There was an extraordinary warmth and unanimity to the way in which every section of the university - students, faculty, staff - felt well-served under his regime. Here was a vice chancellor who believed in maintaining the reputation of the JNU as a centre of excellence, a space that encouraged political activity and debate, and responded to crises appropriately and in a timely way.

Even disasters produced opportunities in his regime. Following the incident of July 31, 2013, when a female student was brutally attacked by a frustrated fellow student, who went on to kill himself, it became an opportunity to establish new norms for gender senstivisation and training.

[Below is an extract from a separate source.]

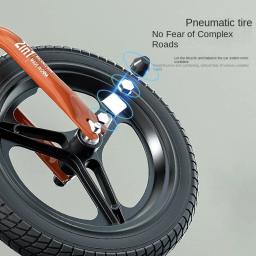 Chase verde nova bicicleta de equilíbrio infantil e bicicleta dois em um bicicleta deslizante para meninos e meninas de 2 a 8 anos roda auxiliar - Image 3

When there were charges of harassment by faculty of students, a swift justice was ensured. It is precisely the pursuit of these processes to the logical end that has earned the JNU the mistaken reputation, through unreflective media reportage, of being the place where the maximum amount of sexual harassment happens!

Above all, students, staff and faculty alike admired the spirit of approachability consciously nurtured by vice chancellor Prof Sopory. Those of us who serve on selection committees know only too well that the "vice" in a vice chancellor makes its appearance quite overtly at these important times, and "unapproachability" is seen as one of the necessary perquisites of the job. The JNU V-C has scrupulously overseen the process of making appointments in a free and unquestionable manner.

In his customary self-effacing way, Prof Sopory acknowledged that he was amply aided by the faculty, staff and students of the university. He may be right, in regarding himself as a "maintenance" vice chancellor (my words, not his). But we know too well, and from too close an example in this capital city itself, the dangers of "visionary" vice chancellors, who wanted to leave their "mark" but have left only a monumental ruin, or an indelible stain.

In his farewell speech, low key and low voiced, Prof Sopory defended the JNU's reputation as a very political space ("we need to produce political leaders for India"): indeed, he had made it his mission to revive the student union despite even some student opposition. He made two impassioned and undoubtedly sincere pleas for raising the standards of teaching and research, to which there should be no limits, and to remain sensitive to the extraordinary conditions of deprivation faced by many members of the student body. These foundational disadvantages, he emphasised, cannot always be undone in a higher education institution such as the JNU, but it called for a kind of compassion towards the student body. To those of us who insist on "blindness" to such foundational hierarchies, his was a sobering but necessary correction.

Now more than ever we must recognise both the academic and non-academic challenges to the lives of Indian universities, and heed those forms of leadership that have nurtured these spaces. It is a shame that such leadership has been so exceptional, if only because it has striven to protect and preserve academic autonomy and to maintain the relevance of institutions of higher learning by taking both faculty abilities and student needs into account.

It is a shame too that we need to draw attention to these rare examples of administrators who have built up trust and goodwill, in what is increasingly being seen as an ungovernable space. Such qualities are indeed rarer and rarer, and relatively unappreciated. But it is not too late to celebrate, as the JNU did on that day, the possibilities enabled by true academic leadership.